Да, я боялась. Я боялась одновременно ошибиться с подозреваемым и боялась поверить в то, что он невиновен. Я убеждала саму себя в том, что анализ ДНК не мог ошибиться, и тут же вспоминала реакцию Дарка на фотографии жертв. Я ожидала чего угодно: деланного равнодушия, омерзения, возбуждения от вида зверски убитых детей. Я ожидала даже удивления… но не ярости. Не чистейшей ярости, которую он резко выдохнул, слегка оскалившись, и сжав ладони, лежавшие на столе, в кулаки. Сильно сжал. Будто удерживался от того, чтобы не ударить ими по столу. Смотрел долго и неотрывно на фотографии, а потом скрыл эту самую ярость, неоновыми красными вспышками загоревшуюся в глазах, за закрытыми веками.
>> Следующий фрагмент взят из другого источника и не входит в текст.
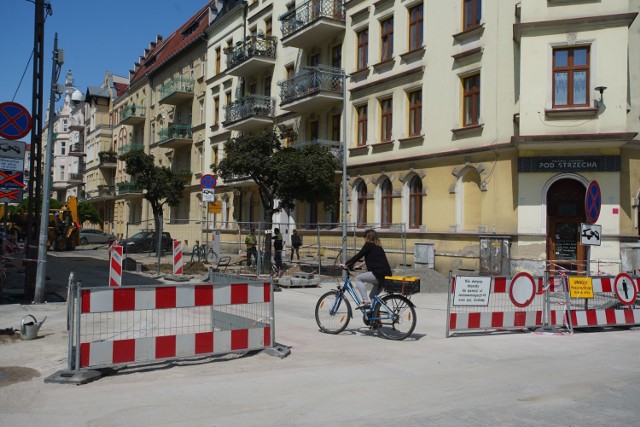 Rozpoczął się trzeci etap przebudowy ulicy Jackowskiego. Teraz robotnicy będą pracować nad jezdnią, chodnikami i zielenią uliczną od skrzyżowania z ulicą Wawrzyniaka do wjazdu do szpitala ginekologiczno–położniczego. Ten etap ma potrwać do 27 września.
Люк ко мне склонился через весь стол и прошипел сквозь плотно сжатые зубы:
— Какого черта, Ева?
— Он сказал "изнасилует и прикончит", — также шепотом, глядя, как раздуваются недовольно ноздри помощника.
— И что? — Люк схватил меня за локоть… и мы оба с ним вздрогнули от неожиданности, когда в комнате грохот раздался. Дарк, оскалившись, пнул стул так, что тот упал, и как-то слишком пристально и зло смотрел на ладонь Люка на моей руке.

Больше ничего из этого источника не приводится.